Post Keskin-rechtspraak van toepassing als voor het bewijs gebruik wordt gemaakt van WhatsApp-gesprekken tussen verdachte en door de verdediging verzochte getuigen?
/Hoge Raad 22 februari 2022, ECLI:NL:HR:2022:177
De verdachte is door het gerechtshof Amsterdam wegens “opzettelijk handelen in strijd met het in artikel 2 onder A van de Opiumwet gegeven verbod” veroordeeld tot een gevangenisstraf voor de duur van achttien maanden.

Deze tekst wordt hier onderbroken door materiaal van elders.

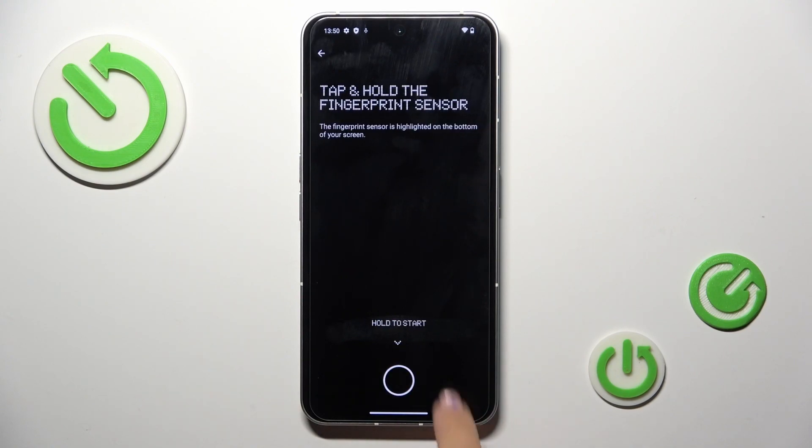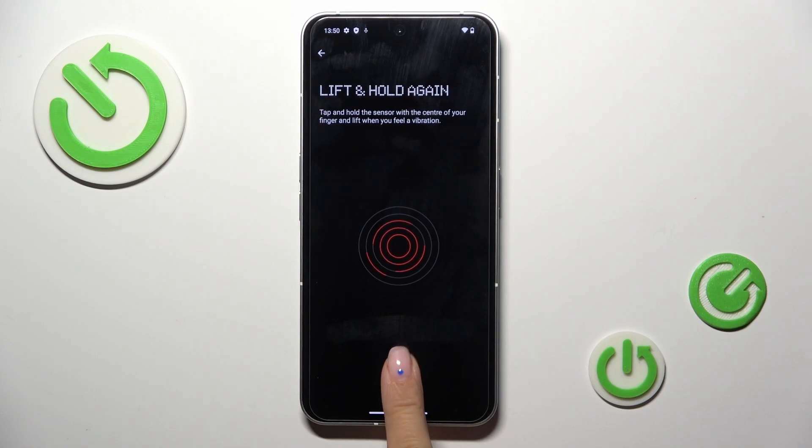Click on Setup and, as you can see, here is your fingerprint sensor. All you have to do is keep tapping until your fingerprint is fully added.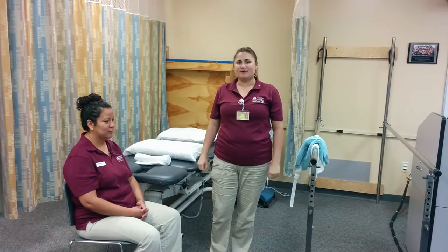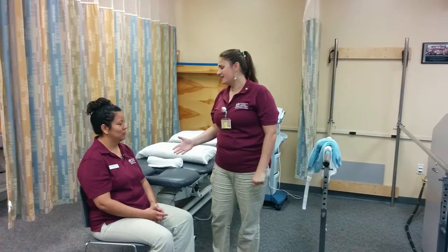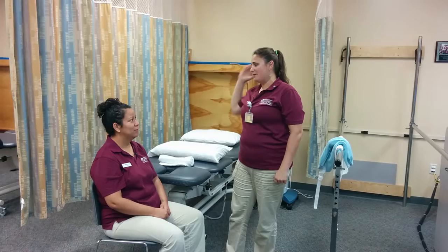This is my patient Anna. Anna, how are you feeling today? I understand you have a little bit of strain back here in your neck. We're going to increase your elasticity back there a little bit by applying a hot pack to your cervical.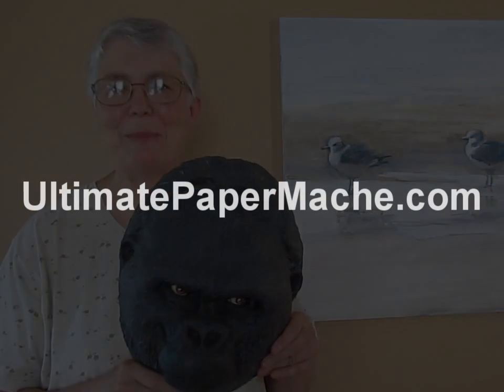I hope you had fun watching this video. If it gave you some ideas, I hope it did. And if you make anything, be sure to come over and show it to me at UltimatePaperMache.com. I hope to see you there. Bye bye.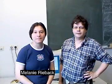Hi, my name is Melanie Ryback. And my name is Rutger Hoffman. And we're from the Freie Universiteit, or the Free University, of Amsterdam.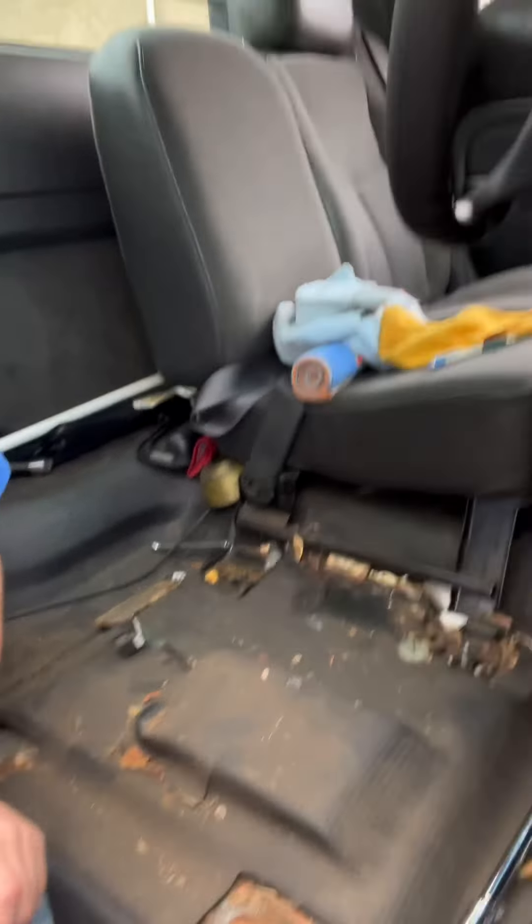This is what it looks like on the interior of the truck — this is the driver's side, we already got to the passenger side. I'm sure people are going to have a lot of questions about why I'm tearing apart the interior of my pickup truck. Well, that's because, like I showed earlier in the video, the whole floorboard is covered with oil — see, all that is oil.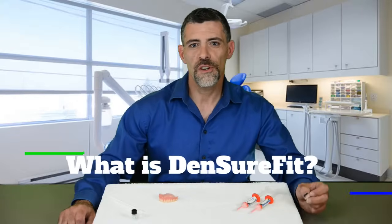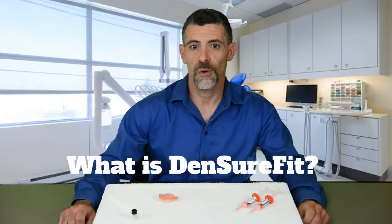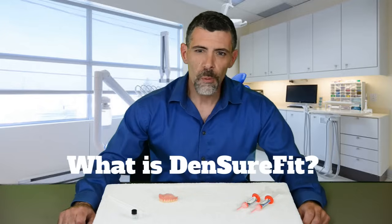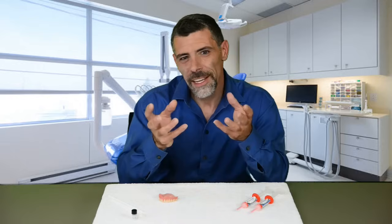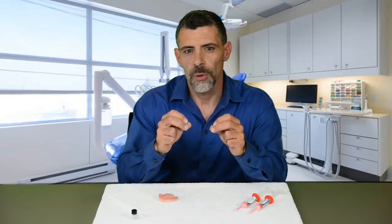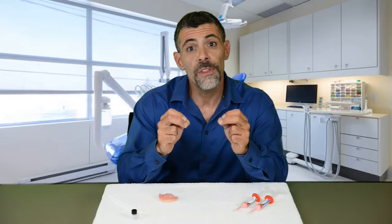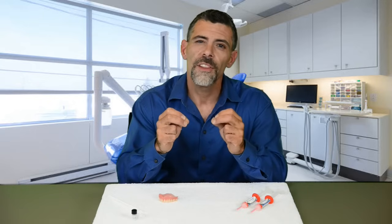Hi and thank you for joining me to learn how to properly line your denture with Denture Fit. Before we get started, I wanted to take a moment to ensure that you understand exactly what Denture Fit is not — Denture Fit is not an adhesive. Quite frankly, it's better. So what is Denture Fit? Well, Denture Fit is a soft silicone dental grade material used to line your denture to improve the fit and comfort of that denture.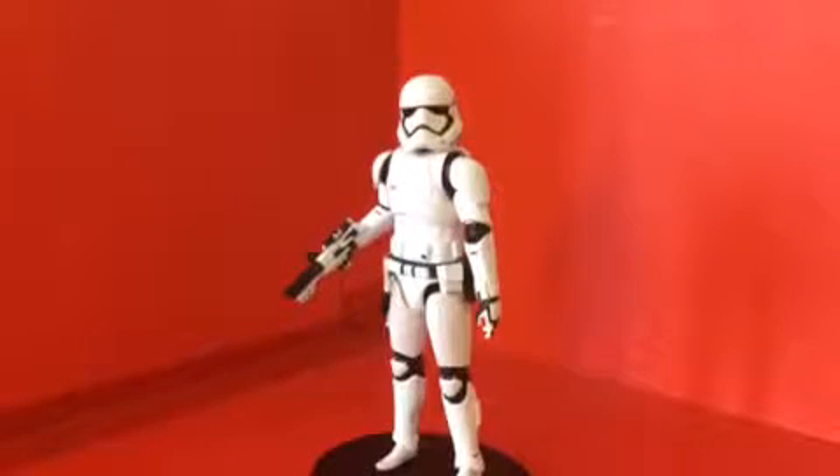Hello Star Wars fans. Today I'm doing a Star Wars relatable review — specifically the Star Wars The Elite Series First Order Stormtrooper diecast figure.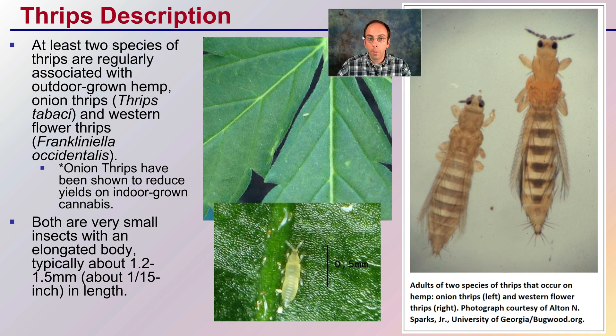The description of thrips — we can see just how small they actually are. Half a millimeter is this bar size, really, really small. There are at least two species of thrips regularly associated with outdoor-grown hemp: the onion thrips and the western flower thrips are considered the two of concern. Onion thrips have been shown to reduce yields in indoor-growing cannabis as well, so don't think that growing indoors makes you free of this pest. Both are very small insects with an elongated body, typically about 1.2 to 1.5 millimeters in length — only about 1/15th of an inch. Very, very small.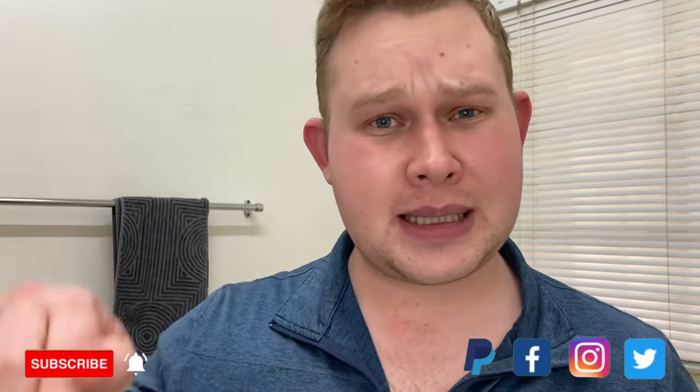Hi everyone, thank you for joining today's very special video. I'm announcing the winner of my giveaway from two weeks ago, so stay tuned and watch until the end — I will not forget to announce the winner. Thank you guys for watching, I really appreciate it. Thank you to all my new subscribers and welcome.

Bij de stukken bevindt zich een appelschriftuur. Dit stuk houdt onder meer het volgende in:
“Het is aan te bevelen - en verdachte verzoekt hierom - op korte termijn een regiezitting te houden waarin de verdediging nadere onderzoeksvragen cq verzoeken kan stellen cq kan indienen, die zich ook richten op een daadwerkelijk onderzoek (waaronder verhoor) van genoemde betrokkene 1 alsmede naar de meermalen genoemde betrokkene 2 (ook zij dient gehoord te worden).”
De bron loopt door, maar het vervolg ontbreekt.